Return each line of the data below exactly, omitting any pictures.

Records contained in a dataset
::::::::::

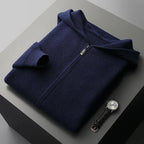 Ardent — Premium Cashmere Merino Hoodie with Tailored Fit (Blue XS) - | Zavonix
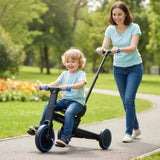 Triciclo plegable 4 en 1 para niños pequeños con manija de empuje y asiento ajustable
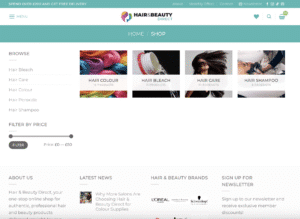 Hair & Beauty Direct Shop Page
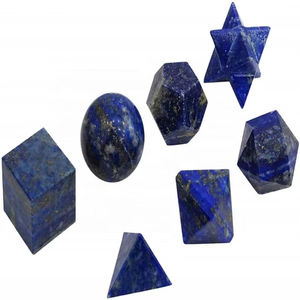 Lot de 7 cristaux de Lapis Lazuli faits à la main, écologiques, formes géométriques sacrées, solides platoniciens, pour la guérison par le Feng Shui et le Reiki (vente en gros) - Product Image 3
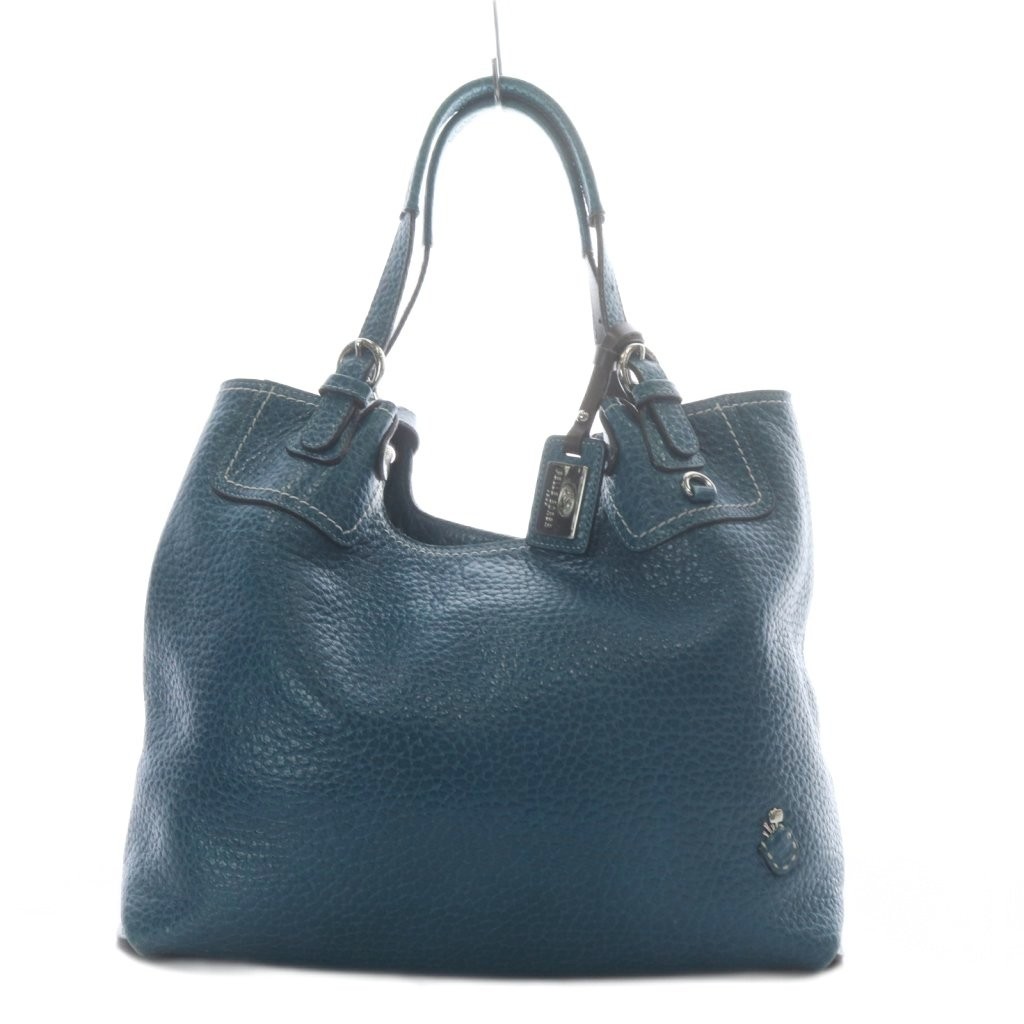 Pelle Borsa Leather Tote Bag Blue Ladies Used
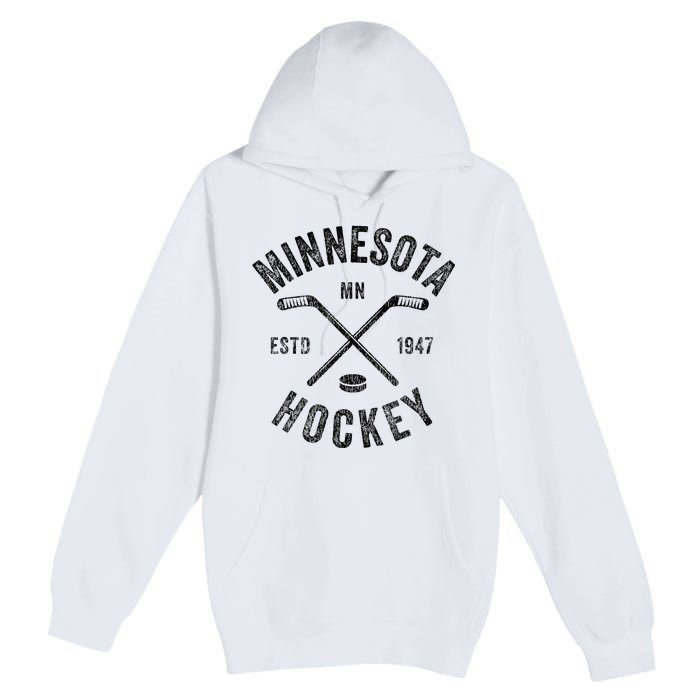 Distressed Minnesota Mn Ice Hockey Sticks Vintage Premium Pullover Hoodie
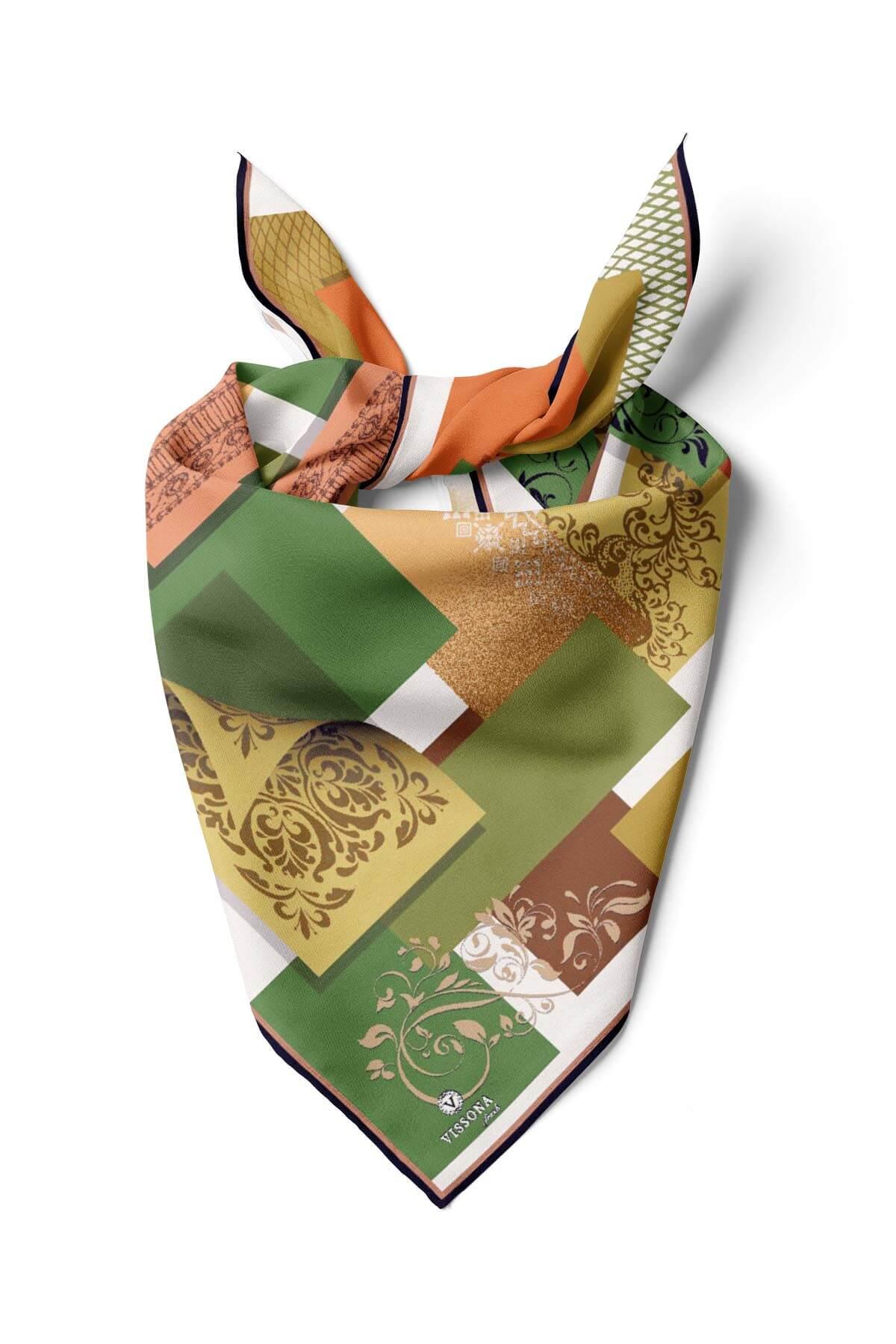 %100 İpek Kadın Desenli Bandana 80x80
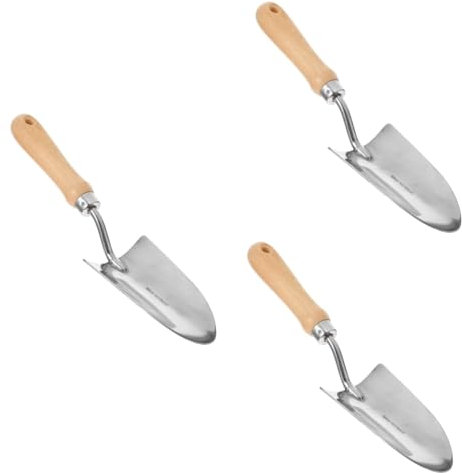 INOOMP 3 Pièces Petite Pelle De Jardinage Mini Pelle De Jardinage des Outils De Creusement Pelles De Jardin Large Pelle De Plantation De Pelle à Main De Jardin Bois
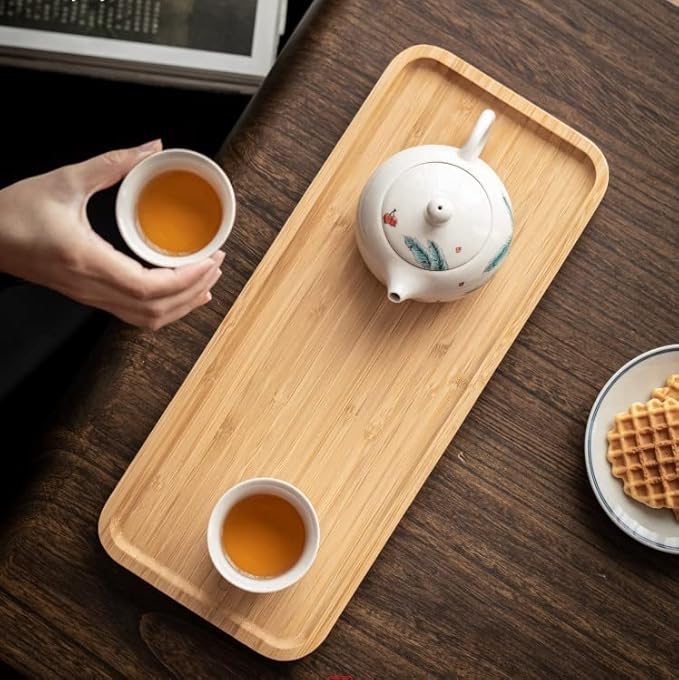 Bamboo Vanity Tray, Bathroom Counter Tray, Toilet Tank Tray, Bathroom Tray for Organizing and Home Decor, 14.2 x 6 x 0.8 inch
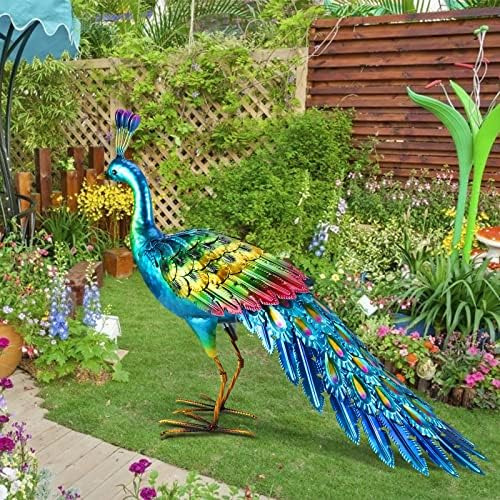 Estatua de pavo real de Chisheen, metal, decoración de jardín, diseño de pavo real D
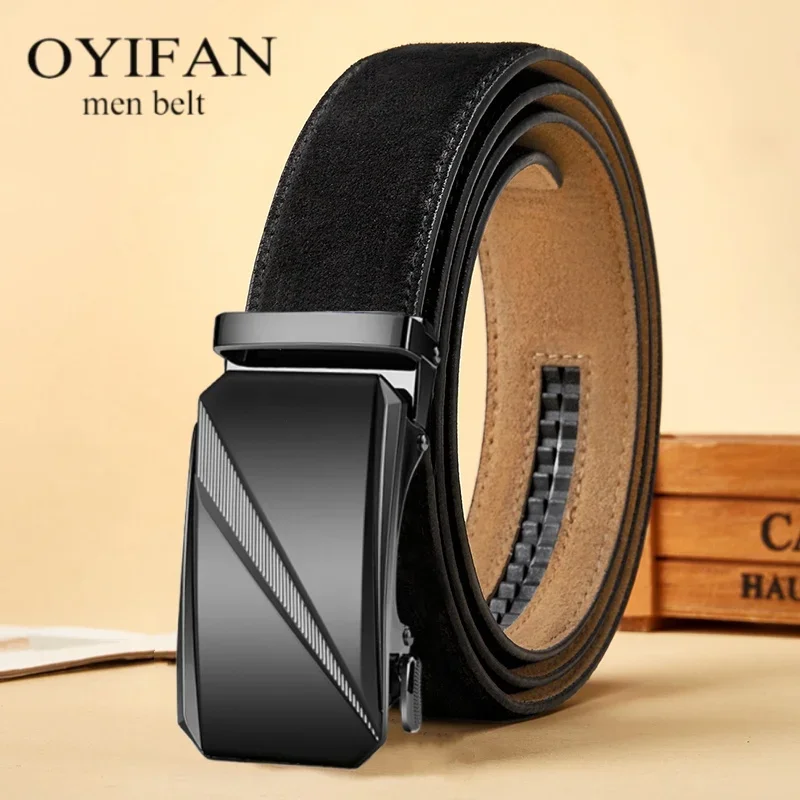 Men's Suede Leather Automatic Buckle Belt, Adjustable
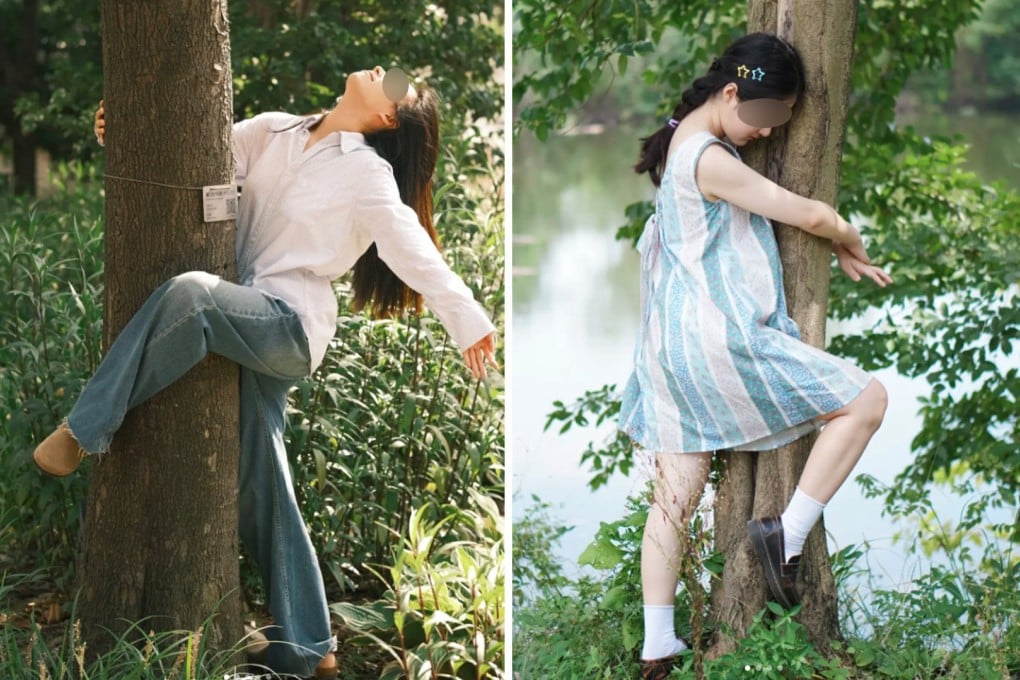 A strange new craze is sweeping cities across China after first emerging in Shanghai ... hugging trees to relieve stress and anxiety. Photo: SCMP composite/Xiaohongshu
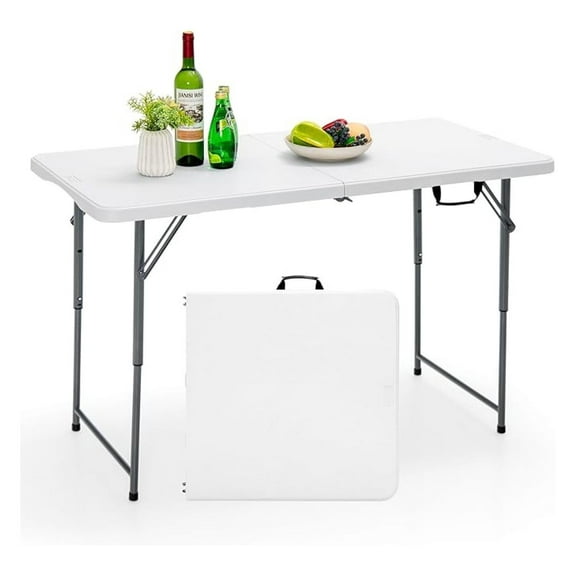 4FT Folding Table, Portable Plastic Picnic Table with Adjustable Height & Handle, 330LBS Heavy Duty Foldable Table for Camping, Dining, Parties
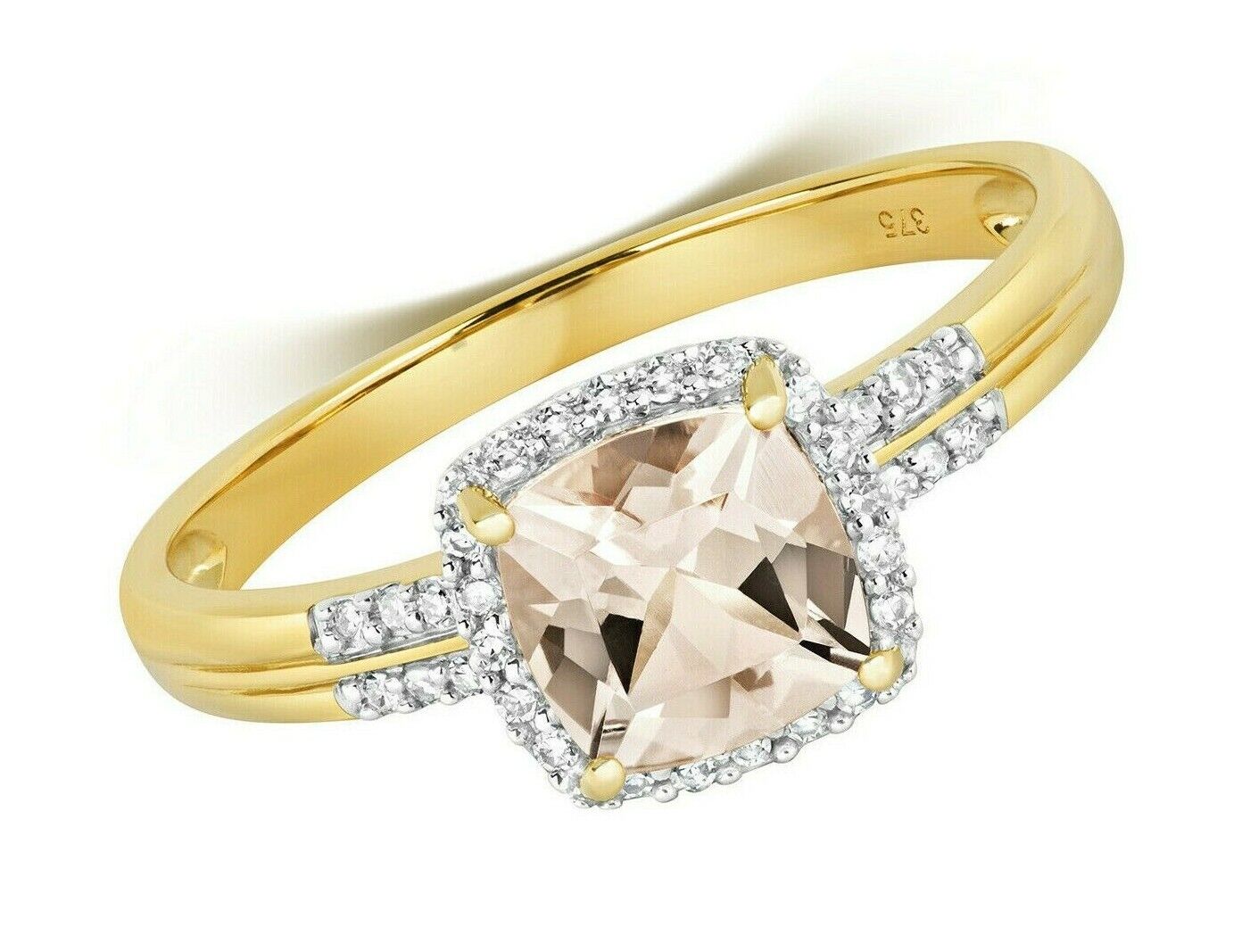 Real Morganite and Diamond Ring Solid Yellow Gold Cushion Cluster Size JKLMNOPQ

::::::::::

### EXERCISE RESPONSE
 Ardent — Premium Cashmere Merino Hoodie with Tailored Fit (Blue XS) - | Zavonix
 Triciclo plegable 4 en 1 para niños pequeños con manija de empuje y asiento ajustable
 Hair & Beauty Direct Shop Page
 Lot de 7 cristaux de Lapis Lazuli faits à la main, écologiques, formes géométriques sacrées, solides platoniciens, pour la guérison par le Feng Shui et le Reiki (vente en gros) - Product Image 3
 Pelle Borsa Leather Tote Bag Blue Ladies Used
 Distressed Minnesota Mn Ice Hockey Sticks Vintage Premium Pullover Hoodie
 %100 İpek Kadın Desenli Bandana 80x80
 INOOMP 3 Pièces Petite Pelle De Jardinage Mini Pelle De Jardinage des Outils De Creusement Pelles De Jardin Large Pelle De Plantation De Pelle à Main De Jardin Bois
 Bamboo Vanity Tray, Bathroom Counter Tray, Toilet Tank Tray, Bathroom Tray for Organizing and Home Decor, 14.2 x 6 x 0.8 inch
 Estatua de pavo real de Chisheen, metal, decoración de jardín, diseño de pavo real D
 Men's Suede Leather Automatic Buckle Belt, Adjustable
 A strange new craze is sweeping cities across China after first emerging in Shanghai ... hugging trees to relieve stress and anxiety. Photo: SCMP composite/Xiaohongshu
 4FT Folding Table, Portable Plastic Picnic Table with Adjustable Height & Handle, 330LBS Heavy Duty Foldable Table for Camping, Dining, Parties
 Real Morganite and Diamond Ring Solid Yellow Gold Cushion Cluster Size JKLMNOPQ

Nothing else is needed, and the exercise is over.